• [GIVEN INFORMATION]:
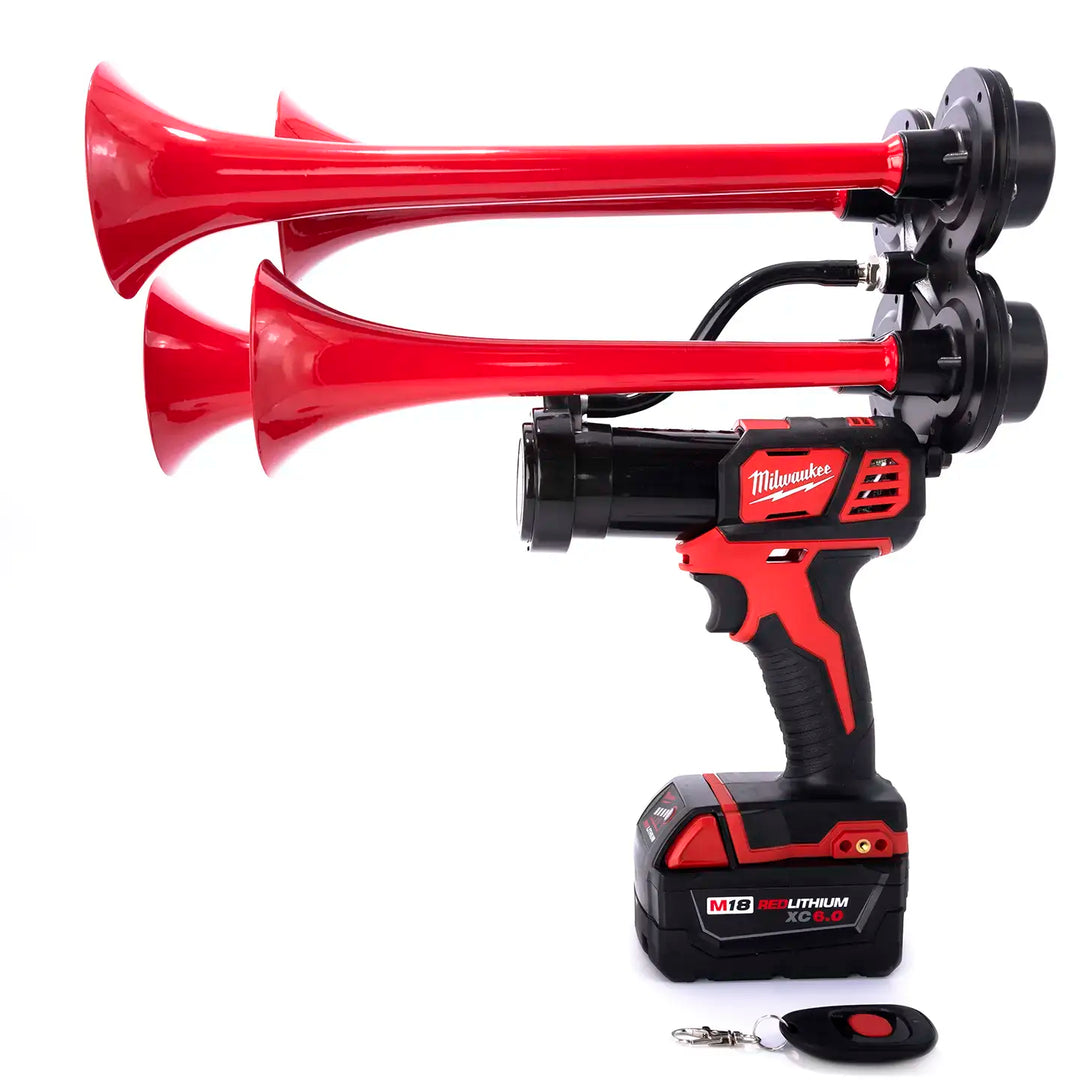 Milwaukee red extreme train horn drill premium extreme boss gun style ready for instant use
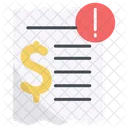 Bill Invoice Receipt Icon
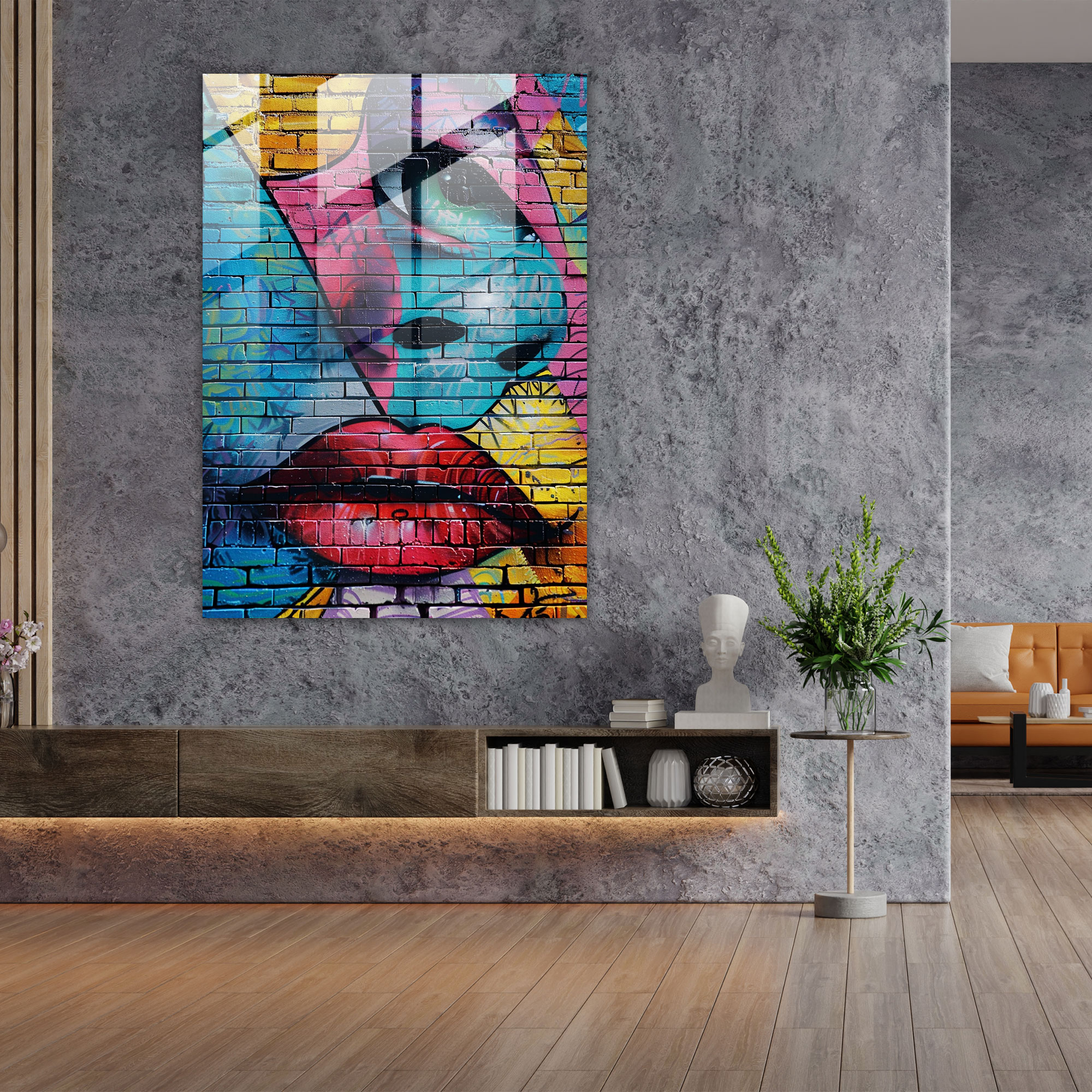 Popart Style Wall Decoration - Popart, Wall Decoration, Home Decoration, Glass Print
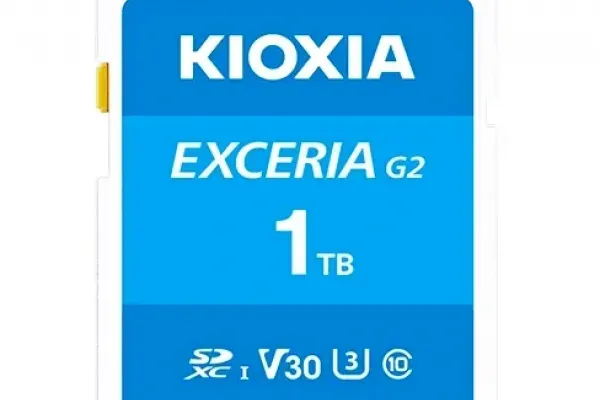 Kioxia Introduces EXCERIA G2 SD Memory Card with Enhanced 4K Video Recording Capabilities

• [WHAT NEEDS TO BE DONE]: In full and without change, repeat the material above, minus the pictures.

• [EXERCISE RESULT]:
 Milwaukee red extreme train horn drill premium extreme boss gun style ready for instant use
 Bill Invoice Receipt Icon
 Popart Style Wall Decoration - Popart, Wall Decoration, Home Decoration, Glass Print
 Kioxia Introduces EXCERIA G2 SD Memory Card with Enhanced 4K Video Recording Capabilities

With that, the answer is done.